A worst-case cloning scenario occurred with grapes years earlier, he says. One variety of grapes did well in California, so it was cloned and brought to the East Coast, where it was wiped out by powdery mildew.

Margaret Pooler, a research geneticist with the National Arboretum, says cloning practices are helping replace the cherry trees around the District’s tidal basin and in other areas of the city.

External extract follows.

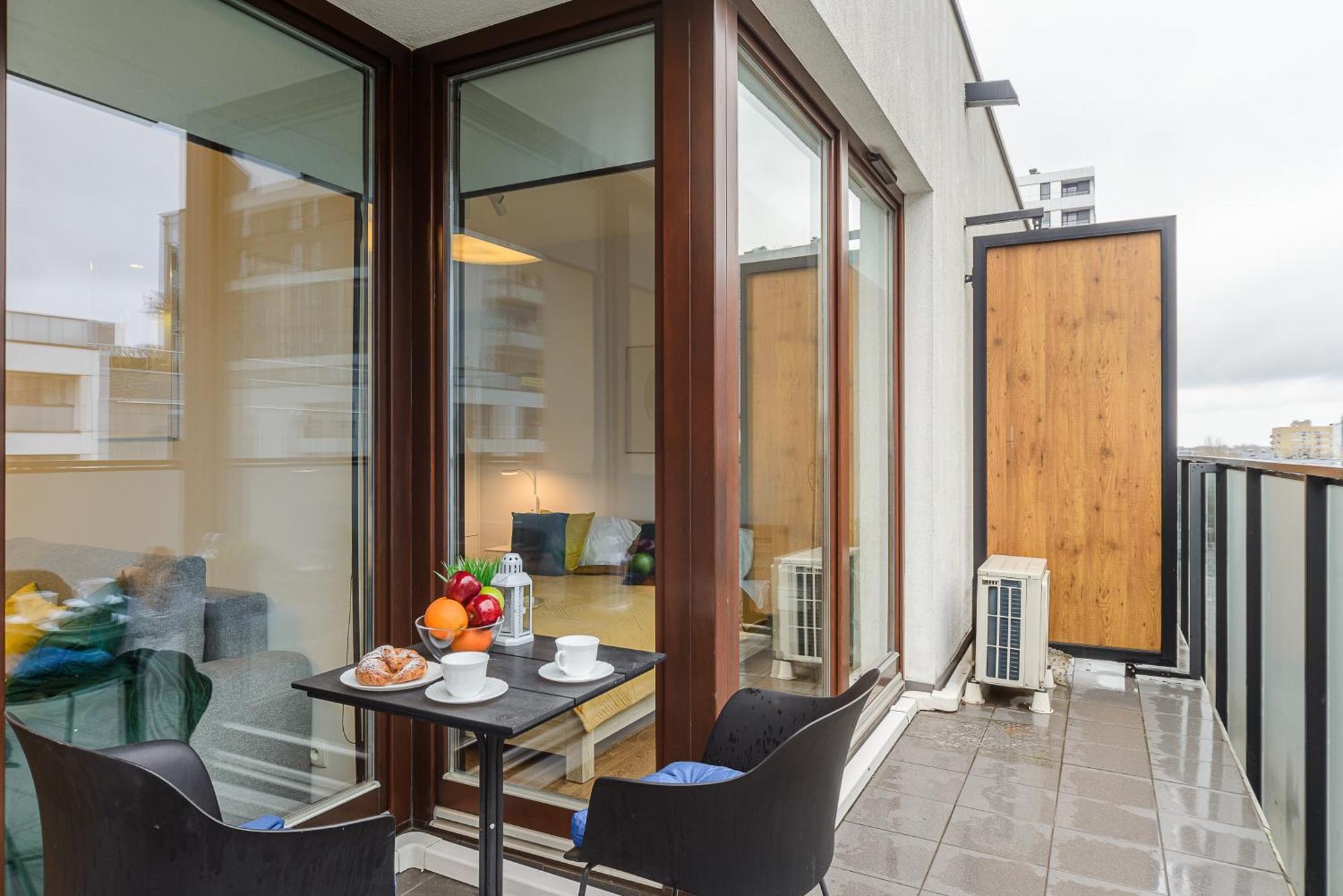 Leilighet Cozy Family With Balcony Near Zlote Tarasy Warszawa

The original cherry trees, a gift from Japan in 1912, have been in decline for years, Ms. Pooler says.

Gardeners initially brought cherry trees from other parts of the country to replace those that had withered away. Then the National Park Service, which kept strict records of where the original trees still bloomed, asked the arboretum to clone the originals so future replacements would be identical to the Japanese originals.

Cloning the cherry trees serves two purposes.

“It’s very hard to bring prunus species (such as cherries, plums and peaches) to the U.S., for quarantine issues,” she says. Laws exist to prevent diseases from entering the country.

More important, the cloning helps reinforce the historical nature of the cherry blossoms, she says.

Ms. Pooler says people get confused when the topic of plant cloning arises.

“Oh, they’re cloning, but it’s not at all like Dolly the sheep,” she says. “Everyone’s mom probably did it with African violets. But it is cloning.”

Mr. Milarch says the number of requests for historic tree clonings has jumped over the past four years.

His project recently completed cloning five trees at Monticello and in December cloned trees on Sagamore Hill on Long Island, the home of Theodore Roosevelt.

“We’re being flooded with requests from all over the world,” he says.